Une soirée estivale typique de juin – mon collègue et moi décidons de sortir à un 5 à 7 trop longtemps repoussé dans l’un des restaurants effervescents et une pointe artsy de Griffintown. En marchant le long de Notre-Dame, je suggère Grinder. Il est d’accord. Mais pas l’hôtesse à l’accueil.
Une réservation ? « Je n’en ai pas, mais nous sommes seulement deux… Pensez-vous pouvoir nous dégoter une petite place sur la terrasse ? » dis-je, en pointant du doigt l’espace convoité. Elle grimace aussitôt. « Surtout pas la terrasse. Ça va jusqu’à 10h ce soir. »
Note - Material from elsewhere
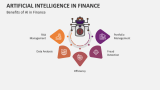 Benefits of Artificial Intelligence in Finance - Slide 6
Déçus, nous nous éloignons, guidés cependant par nos sens qui nous attirent vers une petite foule inhabituelle et la fragrance incomparable du BBQ, qui envahit agréablement la rue soudainement. Que se passe-t-il par-là ? La Boucherie Grinder célèbre son ouverture !
Nous nous approchons de la table tant bien que mal, nous faufilant à travers une marée de jeunes professionnels qui rient, boivent et savourent la viande. La serveuse nous invite à goûter les grillades tout droit sorties du barbecue, en recommandant particulièrement le filet mignon, et nous demande si nous voulons du vin rouge ou blanc. Rouge s’il vous plaît !
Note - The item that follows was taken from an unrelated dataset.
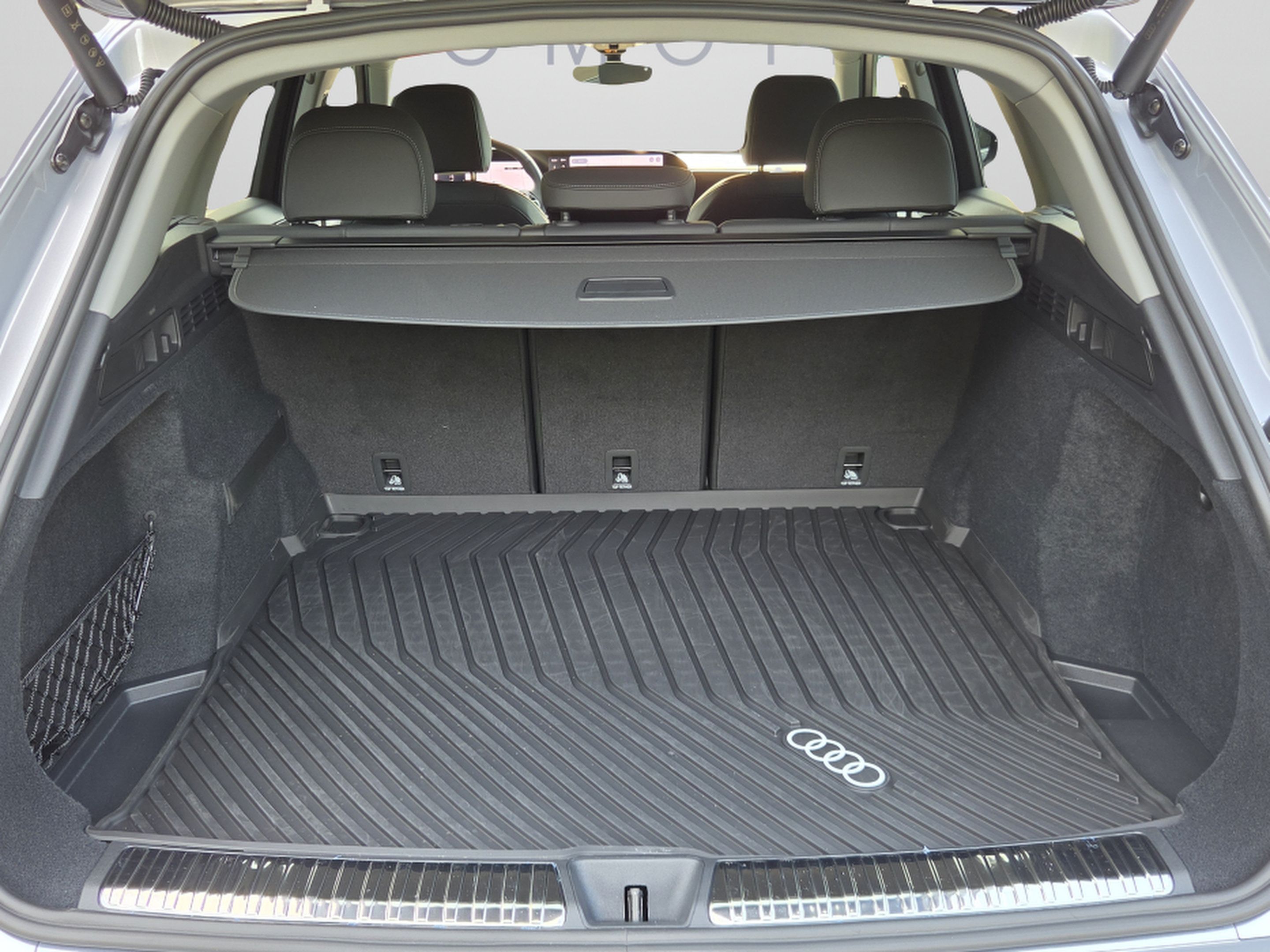 Used 2026 Audi Q5 Premium Plus AWD/4WD image 12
Saisissant mon portefeuille, je m’informe alors de combien nous lui devons pour les consommations. C’est la maison qui paie, nous répond-elle en souriant. Je lui laisse tout de même un pourboire proportionnel au coût du vin. À en juger par le bol qui déborde à ras bord, tout le monde a également eu le même réflexe.
Nous buvons, nous mangeons, et découvrons un design intérieur magnifique, avec de majestueuses pièces de viande âgées à point suspendues, aguichantes à travers la paroi de verre qui nous en séparent. Nous nous faisons prendre en photo, et dégustons un délicieux bourbon au sirop d’érable vieilli en chêne, gracieuseté de la Distillerie 1769.
La vie est belle.
Nous avions complètement oublié qu’à peine quelques minutes plus tôt, ils n’étaient pas en mesure de nous accommoder. Nous nous sommes fait la promesse de revenir bientôt. Grinder a compris un élément crucial du marketing. Ils ont créé une expérience pour les passants et leur ont offert de la valeur, ne s’attendant à rien d’autre en retour que leur satisfaction. Pas de concours, pas de mots-clics, pas de demande d’aimer la page Facebook. Mais alors, ils sont tout de même arrivés à gagner notre affection cette soirée-là…
Je suis allée visiter leur page Facebook plus tard dans la nuit. Eh bien. Je leur avais déjà donné un like auparavant. Je l’avais oublié.
Mais je n’oublierai définitivement pas cette soirée, par contre.